Despite classics from the past I must mention Olivier Messiaen. His treatment of harmony is absolutely amazing. Probably he is the only composer who significantly contributed to the development of harmonic language in the second half of the 20th century. There also could be a very simple and sad answer why; because most of the composers of that period did not care about harmony. I know that he has many enemies among scholars and “academic” composers. They are annoyed by the titles of his works, the form full of repeats and even his orchestration, which in my opinion is extremely exciting and new. If you ask of other cultures which inspired me in some way I may mention Aztec culture. I wrote a piece for orchestra “Zan Tontemiquico” which means in Nahuatl: we come only to dream. It corresponds with the poem of Tochihuitzina, pre-Columbian Aztec poet. The poem treats about existential problems, but from a perspective of people who never heard about Sartre…

Was there a definitive moment or musical piece that inspired you to decide to become a composer?

I grew up at home were classical music was a daily topic. Composers such as Chopin and Brahms have been always very close to me. When I was about four I heard for the first time in my life West Side Story. It was a shock for me. The popular music was banned at our home but West Side Story was an exception. Maybe because of those memories from my childhood I use sometimes in my pieces elements of popular music. It still sounds to me quite exotic. By the way, when I was teenager I kept an electric guitar under my bed hidden from my father. He learned about that many years later…

In the early 1990’s, Henryk Mikołaj Górecki was your teacher at the Music Academy in Katowice. In what ways does your father’s music inform your own compositional process or aesthetic?

As I said earlier the music was a frequent topic during our conversations, so there was not much difference between being his student or not. Usually we did not talk about compositional techniques only about music in general. When I was still in high school especially strong impression made on me his Muzyczka IV, chamber piece for the trombone, clarinet, cello and piano. It is a kind of a miniature of his Second Symphony, which was written a few years later. Another piece of his, which is very close to me, is Lerchenmusik for the clarinet, cello and piano. Was he responsible for your choice to pursue a musical career, or did you find yourself on that path independently of his direct influence? Generally speaking- yes. My father wanted me to be violinist. So when I was six I began practicing the violin. One year later I began playing the piano which I preferred than the violin. After few years I switched to piano as my major. But the truth was that I was never interested in being a performer. I have loved music but do not have that urge of sharing it with others thru performances. My only interest has been music itself. My greatest dream as a child was to be able to write music, especially for orchestra. The problem was that I grew up at home where a word “composer” was almost sacred, it was reserved for geniuses like Bach, Beethoven etc. Naturally, I could not say openly my dreams when I was very young. Later, when I was a teenager my father discovered by chance that I had been writing music and began to support me in that. But this did not change the fact that even today I do not see myself as a composer only as a guy who writes music.

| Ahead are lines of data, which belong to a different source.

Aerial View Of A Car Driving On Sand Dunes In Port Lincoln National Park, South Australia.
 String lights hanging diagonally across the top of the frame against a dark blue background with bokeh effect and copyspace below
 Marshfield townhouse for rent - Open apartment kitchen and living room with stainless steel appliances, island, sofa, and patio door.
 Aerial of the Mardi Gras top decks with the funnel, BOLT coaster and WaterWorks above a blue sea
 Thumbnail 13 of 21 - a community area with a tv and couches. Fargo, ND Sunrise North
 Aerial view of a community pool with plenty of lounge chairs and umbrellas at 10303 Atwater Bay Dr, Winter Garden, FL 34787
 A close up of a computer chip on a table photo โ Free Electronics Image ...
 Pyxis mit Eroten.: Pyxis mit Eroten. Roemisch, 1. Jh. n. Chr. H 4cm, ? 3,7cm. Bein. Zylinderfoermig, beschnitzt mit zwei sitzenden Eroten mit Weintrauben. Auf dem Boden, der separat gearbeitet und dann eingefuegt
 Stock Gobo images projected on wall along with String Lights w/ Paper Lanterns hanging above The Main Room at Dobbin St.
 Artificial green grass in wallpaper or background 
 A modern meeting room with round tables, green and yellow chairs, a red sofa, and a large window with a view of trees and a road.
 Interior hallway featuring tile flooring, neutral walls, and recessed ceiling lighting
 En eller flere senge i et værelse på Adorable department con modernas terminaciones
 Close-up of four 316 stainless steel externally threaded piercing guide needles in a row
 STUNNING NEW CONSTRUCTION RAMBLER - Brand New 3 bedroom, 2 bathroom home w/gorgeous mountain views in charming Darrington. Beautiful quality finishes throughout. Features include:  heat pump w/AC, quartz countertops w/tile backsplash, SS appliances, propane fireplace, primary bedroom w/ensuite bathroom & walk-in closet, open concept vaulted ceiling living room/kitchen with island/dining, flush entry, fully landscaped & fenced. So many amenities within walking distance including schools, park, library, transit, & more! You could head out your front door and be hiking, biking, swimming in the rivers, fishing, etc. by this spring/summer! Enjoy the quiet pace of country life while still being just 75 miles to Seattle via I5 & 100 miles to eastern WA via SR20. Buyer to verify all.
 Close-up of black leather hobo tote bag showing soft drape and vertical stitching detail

Do you see this as being a particularly exciting time for contemporary music in Poland? Why?

I think it is exciting time for contemporary music anywhere, not only in Poland. We are lucky to live in times when an element of “shock” in the piece of art is worn out. You need to have really something to say, not just use this or another “new technique” which next day is forgotten.

What musical projects are you currently working on?

I do not like to talk about plans but I may tell you what my most recent piece is which I completed. It is a Nocturne for orchestra about 20 minutes long, dedicated to the memory of my father. It was premiered in Poland during one of the concerts commemorating the first anniversary of his death.